How to run MapReduce in Amazon EC2 spot market

If you often run large-scale MapReduce/Hadoop jobs in Amazon EC2, you must have thought about using the spot market. EC2’s spot market price for a spot instance is typically 60+% less than that of an on-demand instance. For a large job, where you use many instances for many hours, a 60+% saving could be a substantial amount.

Unfortunately, using spot market has not been trivial. In exchange for the lower price, Amazon has your explicit agreement that they can terminate you at any time. This is a problem since you may lose all your work. A research paper from HotCloud last year showed that even adding more spot instances (not replacing existing nodes) could be detrimental to a running MapReduce job. In other words, you add more resources to your cluster, but your running time could actually be longer.

Beyond lengthening your computation, spot market could even make you lose your data. Existing MapReduce implementations, such as Google’s internal implementation or Hadoop, are designed with failure in mind already. However, the assumed scenario is a hardware failure, i.e., a small fraction of nodes may go down at any time. This assumption is not true in the spot market environment, where all nodes of a cluster may fail at the same time. You not only can lose all your states (when the master nodes go down), but you can also lose all your data (when nodes holding replicas for a piece of data all go down).

What about bidding for a really high price for your spot instances, and hoping that Amazon never increases the price that high? Unfortunately there is no guarantee on how high the spot market price could be.
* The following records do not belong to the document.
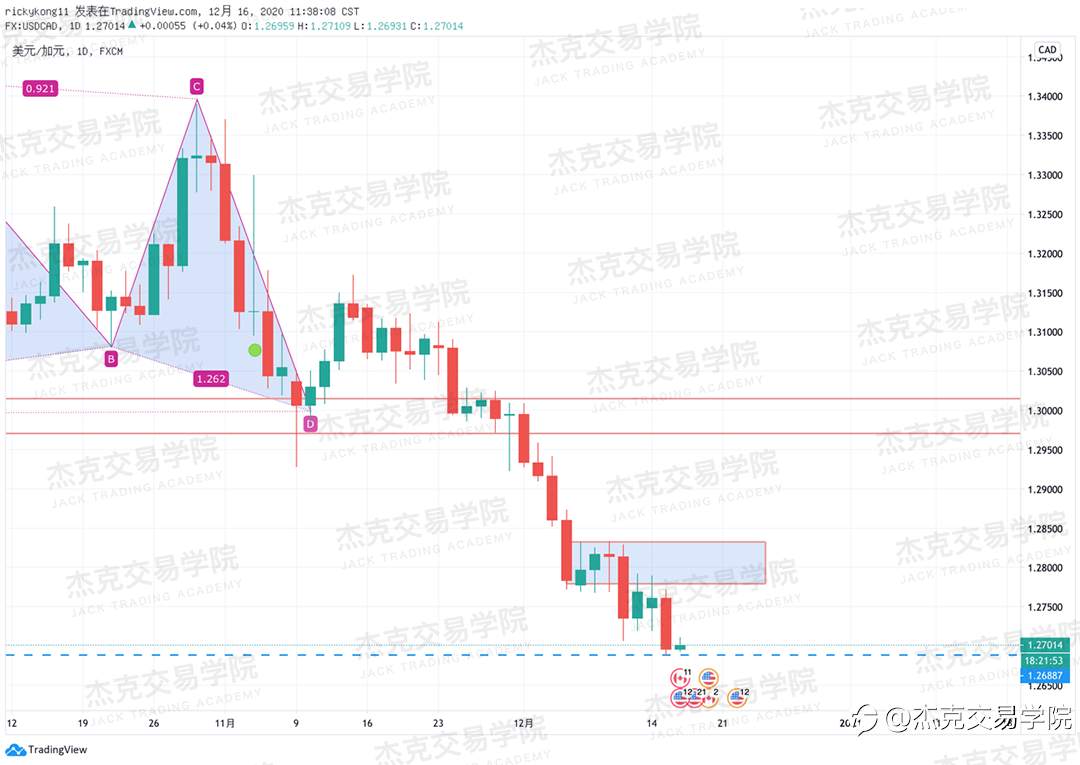 [12月16日策略]黄金/原油/英镑/欧元/美日/澳元/标普/BTC/ETH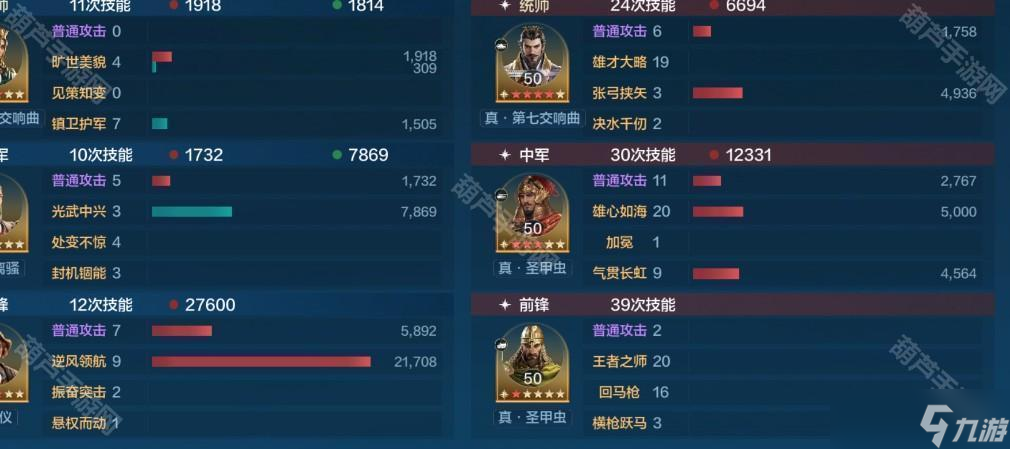 《世界启元》S10赛季芝诺比娅刘秀哥伦布肉队推荐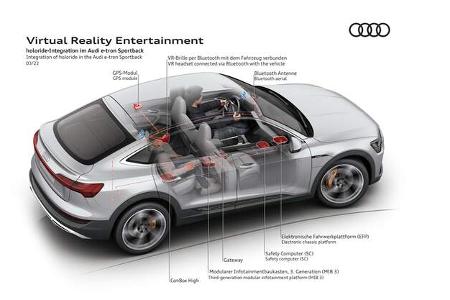Audi Holoride South by Southwest (SXSW)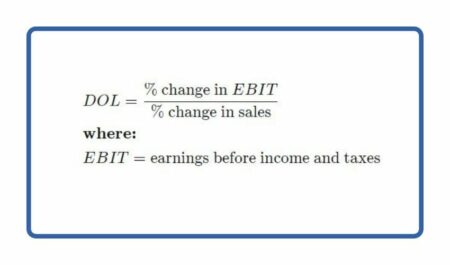 Degree of Operating Leverage Formula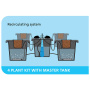 PLANT!T Aeros IV Master "DWC System"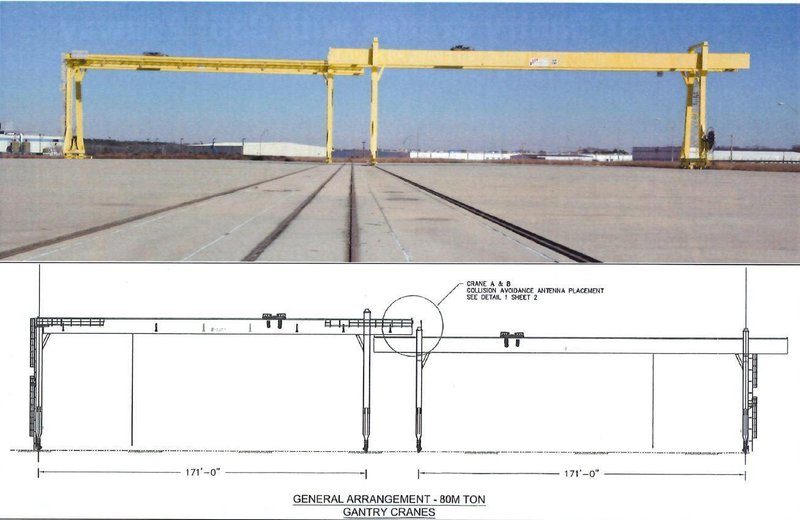 80/40 TON X 195' X 59' LIFT NORTH AMERICAN IND DOUBLE LEG ROLLING GANTRY CRANE: STOCK #14494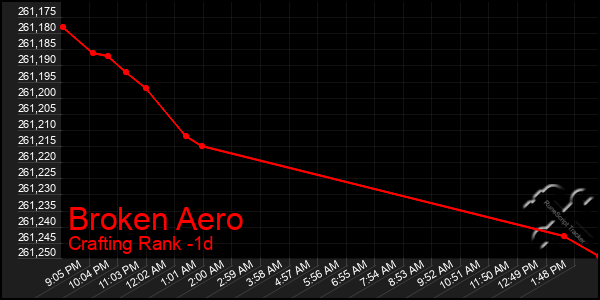 Last 24 Hours Graph of Broken Aero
There are several occasions last year where the spot instances price actually exceeded the on-demand instances. This is likely because some guys were bidding at a high-than-on-demand-instance price, and Amazon really needed to kill those instances to free up capacity.

While the naive approach of bidding at a high price may not work, I am happy to report that there is a new technique that can help you leverage spot market to save money. We recently developed a MapReduce implementation that could tolerate large-scale node failures (e.g., when your bid price is below Amazon’s spot price). Even if all nodes in your cluster are terminated, we can guarantee that no state is lost, and that you can continue make forward progress when your cluster comes back online (e.g., when your bid price is higher than Amazon’s spot price).

Our implementation leverages two key things. First, when Amazon terminates your instance, it is not a hard power off. Instead, it is a soft OS shutdown, where you have a couple of minutes to execute your shutdown script. We modified our shutdown script where we save the current progress and generate a new task for the remaining work so that another node can take over in the future. In other words, we use on-demand checkpointing to save states only when needed.

Second, we constantly save intermediate data in order to minimize the volume of state we have to save in the shutdown phase. Our solution is built on Cloud MapReduce, which constantly streams intermediate data out of the local node. In comparison, other MapReduce implementations, such as Hadoop, save all intermediate data locally before a task finishes. This could result in too large a dataset to save during the short shutdown window.

I would not belabor the details of our implementation, except mentioning that it was published last week at USENIX HotCloud conference. You can read the Spot Cloud MapReduce paper for the full details.